Ike Ekweremadu, Nigeria’s deputy Senate president, was permitted to go home after being questioned from morning till evening Tuesday by anti-graft detectives on Tuesday, Newsmen has learnt.
But the lawmaker was asked to return on Wednesday morning for further interrogation at the the Economic and Financial Crimes Commission’s headquarters in Abuja, two senior officials told Newsmen Wednesday morning.
“We were not satisfied with the answers he gave us yesterday, but we extended an administrative bail to him,” one source said. “We are, however, waiting for him to return today for the second day of clarification.”
Mr Ekweremadu turned himself in at the EFCC office Tuesday morning, following days of tension between him and operatives working on leads they said suggested a pattern of questionable acquisition of properties within and outside Nigeria.
The politician has denied wrongdoing, accusing the EFCC of being on a witch-hunt to weaken his political stature.
A source at the EFCC said the agency would not be distracted by Mr Ekweremadu’s “desperate attempts to politicise” a potential case of stealing in public service being unearthed against him.
Several properties linked to Mr Ekweremadu have reportedly been uncovered in multiple jurisdictions, including the United Kingdom, United States and the United Arab Emirates. Operatives questioned him specifically on this throughout yesterday, it was learnt.

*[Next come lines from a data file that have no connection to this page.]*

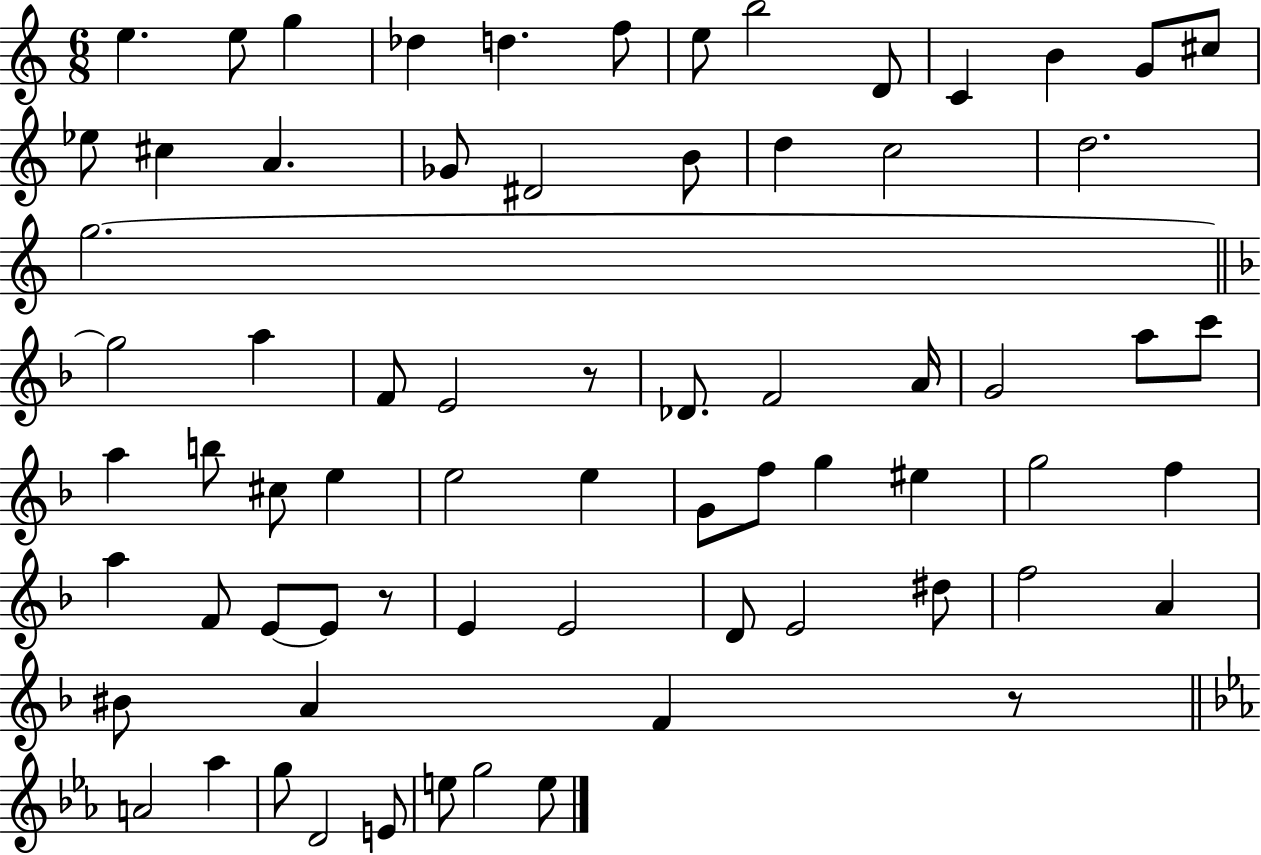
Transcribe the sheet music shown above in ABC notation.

X:1
T:Untitled
M:6/8
L:1/4
K:C
e e/2 g _d d f/2 e/2 b2 D/2 C B G/2 ^c/2 _e/2 ^c A _G/2 ^D2 B/2 d c2 d2 g2 g2 a F/2 E2 z/2 _D/2 F2 A/4 G2 a/2 c'/2 a b/2 ^c/2 e e2 e G/2 f/2 g ^e g2 f a F/2 E/2 E/2 z/2 E E2 D/2 E2 ^d/2 f2 A ^B/2 A F z/2 A2 _a g/2 D2 E/2 e/2 g2 e/2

Mr Ekweremadu said most of the properties, which were traced by the presidential panel on recovery of fraudulently-acquired properties, were “fictitious,” but failed to clarify which of them actually belonged to him, or whether they were appropriately declared in his asset declaration filings.
EFCC officials could not immediately say when Mr Ekweremadu would appear today as scheduled, but said they have no concerns that he may not appear at all.